Major markets consolidate gains while focus shifts towards China
All of the major markets held on to their gains last week, with most actually recording further improvements.
There was also good news for the UK, with figures released confirming that the labour market has continued to perform well. Unemployment is still falling, with 31.12 million people in work, 140,000 more than the March to May quarter of 2015, and 359,000 more than a year earlier. In fact, unemployment has not been lower since early 2008.
Given the absence of inflation, for the time being, the growth in earnings can be channelled to higher living standards, allowing consumption to support the economy in coming quarters. It appears that the supply side of the economy has some room for growth too - at least for now.

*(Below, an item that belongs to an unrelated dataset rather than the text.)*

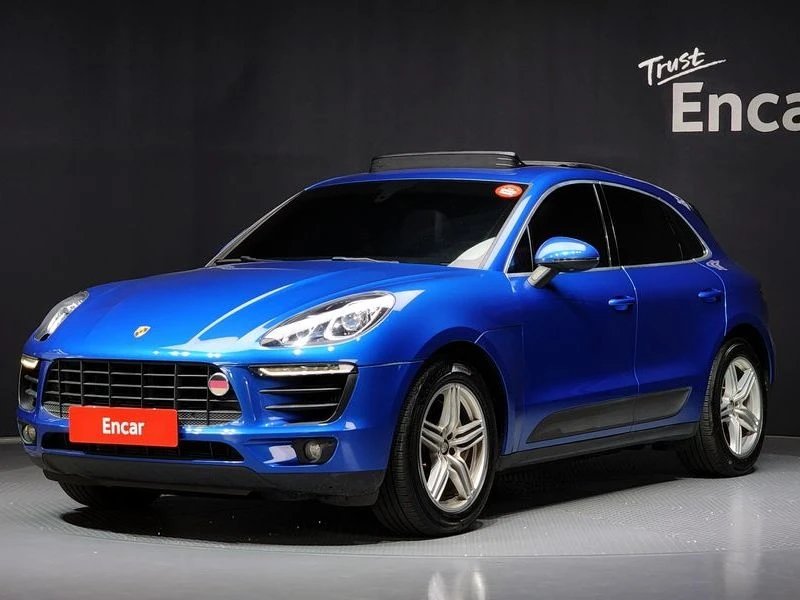 Porsche Macan * 3.0* ЦЕНАДОБГ!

For those UK companies, that are linked to the economic strength of the UK, this is positive for earnings growth and should support their share prices. However, investors need to think carefully, about how to target their exposure within the UK equity market, given the impact of international and commodity-related exposure on relative performance in recent years.
After the employment news, sterling rose slightly against the US dollar, as traders focused on the support provided by wage growth and lower unemployment, for higher UK interest rates from the Bank of England. Further evidence of wage growth and domestic inflation will certainly bolster that case, but many factors need to fall into line for the Bank to raise interest rates.
Economic growth is needed to support equity prices and the key question still facing global markets is where this growth will come from.
The global manufacturing slowdown, which has been led by China, has spread to the US and the next few weeks are likely to be more challenging for markets as a result. We should expect continued volatility. The focus will once again shift to China and no doubt the world economic environment will feature in discussions during the visit of President Xi of China to the UK this week.
China released a range of data yesterday morning, with no obvious signs of a collapse in its economy. At 6.9%, growth came in slightly ahead of expectations, but industrial production disappointed, falling to 5.7% year on year, against consensus expectations of 6%.
Fixed asset investment also fell, more than expected, to 10.3%. However, as China seeks to develop stronger domestic demand, it was positive that retail sales showed an increase of 10.9% in September, up from 10.8% and higher than analysts' expectations. Continued improvement in domestic living standards will be needed to support political stability.
China is managing to continue to create jobs and provide growth in the service sector to compensate for weaker investment growth and industrial activity. Although the rate of growth has slowed to below the Chinese government's target, Chancellor of the Exchequer George Osborne is unlikely to be the only suitor at the Chinese door.
Many countries are now pinning their hopes on stronger links with what is now a global economic power, so as to benefit from growing Chinese consumer demand.